To get the inside information on the data scientist hiring process, join Isaiah as he interviews Shobeir Mazinani, PhD.
Here’s a quick rundown of this week’s episode…
- First, Isaiah interviews a few PhDs who’ve successfully transitioned into data scientist roles.
- Next, gain vital advice on what it takes to become a data scientist.
- Finally, Isaiah and Shobeir walk you through the data scientist hiring process.
From This Week’s Show…
Advice From A Data Scientist
I’m very excited about today’s show. We’re going to bring on a panel of data scientists to talk about this exciting career track.
You can get hired into a data scientist role and learn on the job.
So one of the biggest things I did was I chased the technology at the beginning. The biggest help came from one comment. She basically told me don’t follow the technology, follow the principles.
I would say, talk to people who are more experienced because they have made a lot of mistakes that you don’t need to do and follow the basics rather than the technologies.

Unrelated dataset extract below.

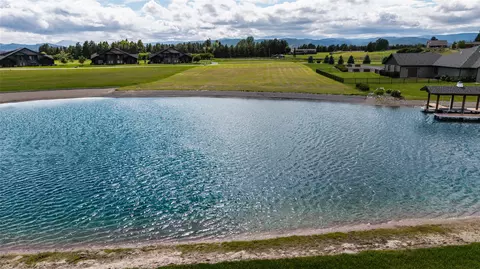 151 Rosewater Loop, Kalispell, MT 59901 photo 8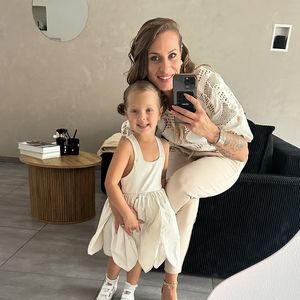 Instagram @madame.santoro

The biggest reason that they’re hiring PhDs that are not even from computer science, is that they want someone to come in and solve a business problem. So, they want someone who knows how to think critically and who knows how to, first of all, consume a lot of information in a very short amount of time and then start producing results.

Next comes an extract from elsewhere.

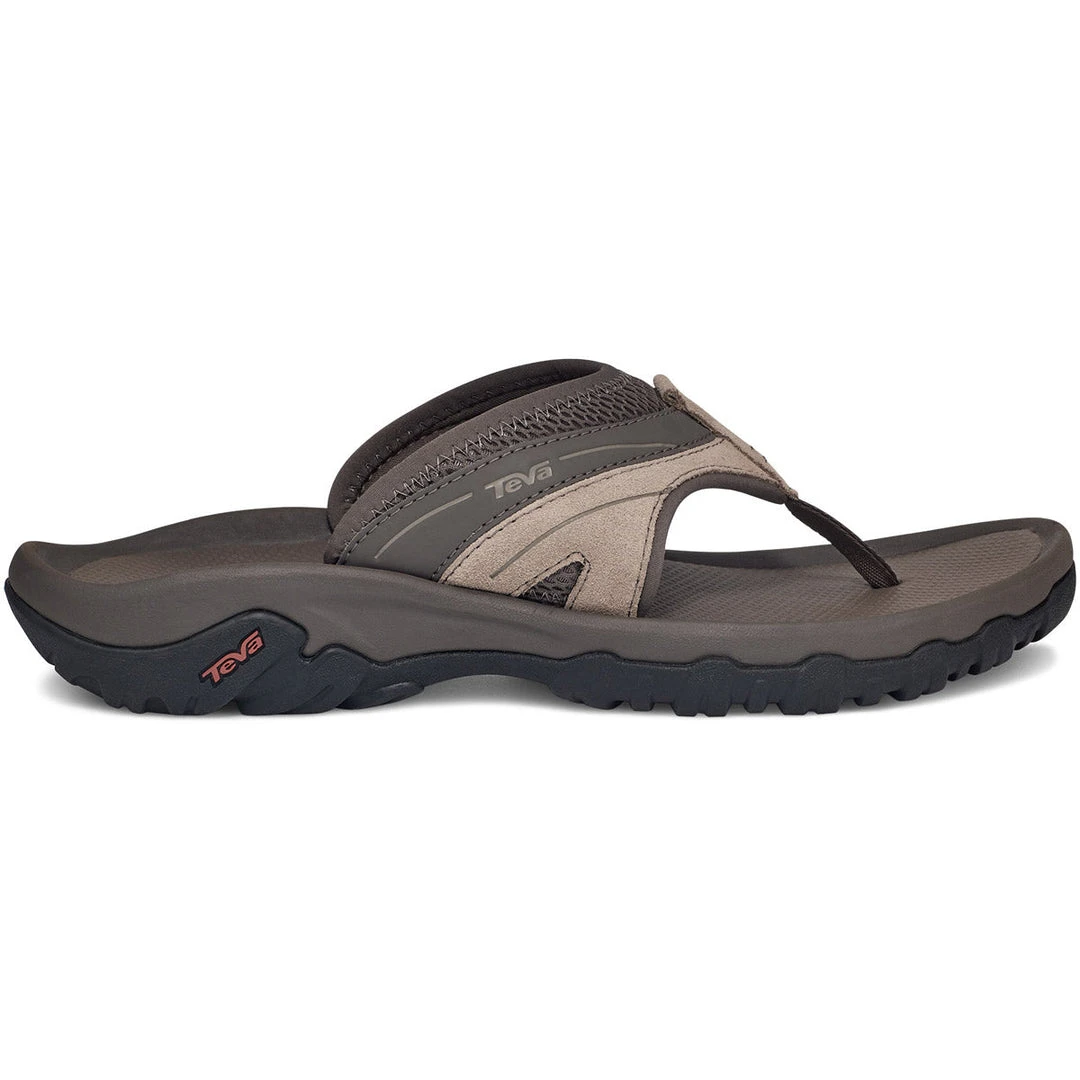 Teva Men's Pajaro 3 Teva Men's Pajaro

A data scientist is a person that has to frame the problem into what is needed for a decision to be made and then goes and searches and brings back the goal. So it’s all about how much business impact you can have.
How to Get Hired As A Data Scientist
Those three types of skills – technical transferable business – you’ll be trained on those in the syndicate as well.

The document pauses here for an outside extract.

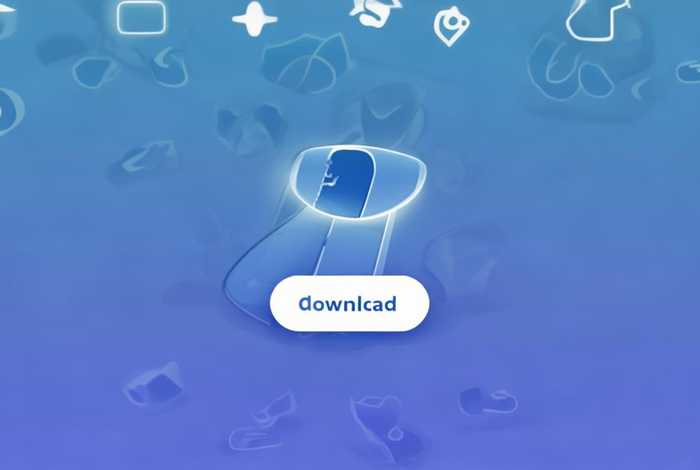 手机版h5制作软件，手机版h5制作软件下载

Can I translate my technical findings into something a bit nontechnical and still be accurate?
So, you have to first define what is the problem that you want to solve. Can you make a business problem into a mathematical problem to then solve?
You have to say it in a brief sentence so that the nontechnical person understands, and it’s not too oversimplified so that the technical person would be like, “you have no idea what you’re talking about.” So it’s that balance that you’ll have to do.
A lot of companies have a mixture of one or two data scientists and one or two non-data scientists on the forum. So, one of them would normally test you for cultural fit. The other one, would then test you on your business, acumen and problem solving. Then, the other one, test you on, let’s say machine learning and the final one may test you on statistics and experiment design and coding.
It’s easier than you think, it’s a lot easier. You just have to go get some experience, try to read a little bit more about some of the lingo, and also try to always take one step back and ask yourself, “why am I solving this problem?“
By putting things on GitHub, you show a track record of progress, which is good for yourself and good for the person who is trying to judge if you are a good candidate.
You’re not going to be building a lot of models in your lifetime. A lot of your time is actually spent cleaning the data and making sure it says what it’s supposed to say. Can you zoom out and see what is the big problem I’m solving then zoom in and say, this is the thing I did then zoom out and put it in the right context?
A lot of times, the problem that people have when interviewing PhDs is that they’re not ready to make that transition from that academic mindset. To focus on other people’s needs rather than just the interest in the problem for the sake of the problem.
So. learn the basic algorithms first and then expand to deep learning, expand to more specialized image processing or computer vision or natural language processing. So these are all sub-segments of a bigger machine learning.